I’m up early on this Sunday morning and, as I write, I can look out at the red sky of the dawn. It’s fading a little now from a few minutes ago when I went into the kitchen to make a cup of tea (Assam) before coming up to the interweb-machine, but now there is a delicate blue sky above the ruddy glow, with blue-grey clouds drifting in from the south, from left to right across my field of view. The village is in a glen surrounded by hills, which means that the actual sunrise and sunset can never be seen from here; they are rare delights which I usually only experience from the ferry to Islay.
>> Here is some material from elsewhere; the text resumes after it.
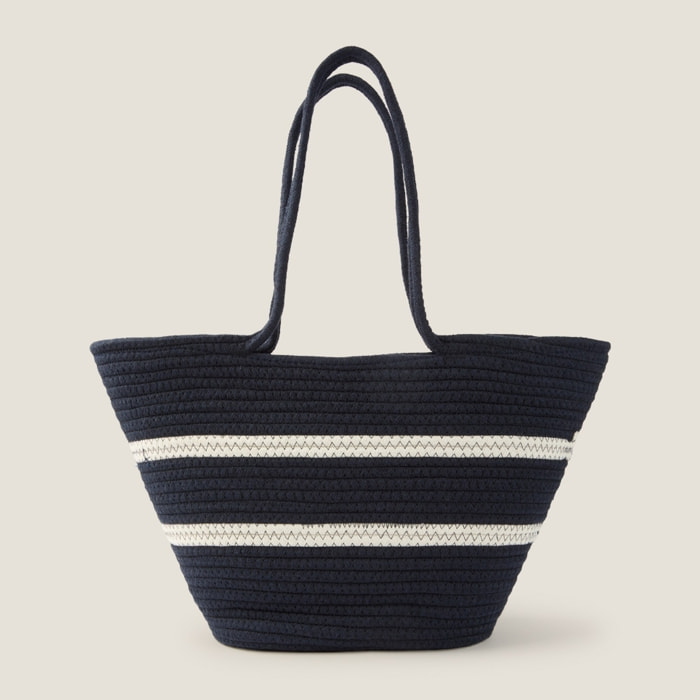 Capazo playa cuerda algodón Aixa color azul oscuro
The lighter mornings are the most obvious sign of the lengthening days and the renewal of the covenant between the earth and the seasons, but there have been many others to enjoy in the last few weeks.
Snowdrops are out in force, as this picture from a couple of weeks ago gives witness. Moles have been renovating their homes and fresh molehills have appeared in all suitable residential districts, which does not include the boulder clay and glacial deposits of The Grannary’s small patch of Eden. The drive down the road is now a switchback of toad-dodging after dark as they head down to the boggy bits between the lochs to consummate their seasonal passions – all you can see in the headlights are small white things that look like leaves, but aren’t. I was walking a week ago above Loch Fyne and found a frog on the summit of Beinn Ghlas, a small hill above Minard. Returning to the car, I found two goodly deposits of frogspawn in the ditch beside the track.
Although in Argyll in early March you can be sure that Winter hasn’t finished with you yet, these signs of Spring and the lengthening days are a welcome reminder that the auld bitch’s powers are at last on the wane.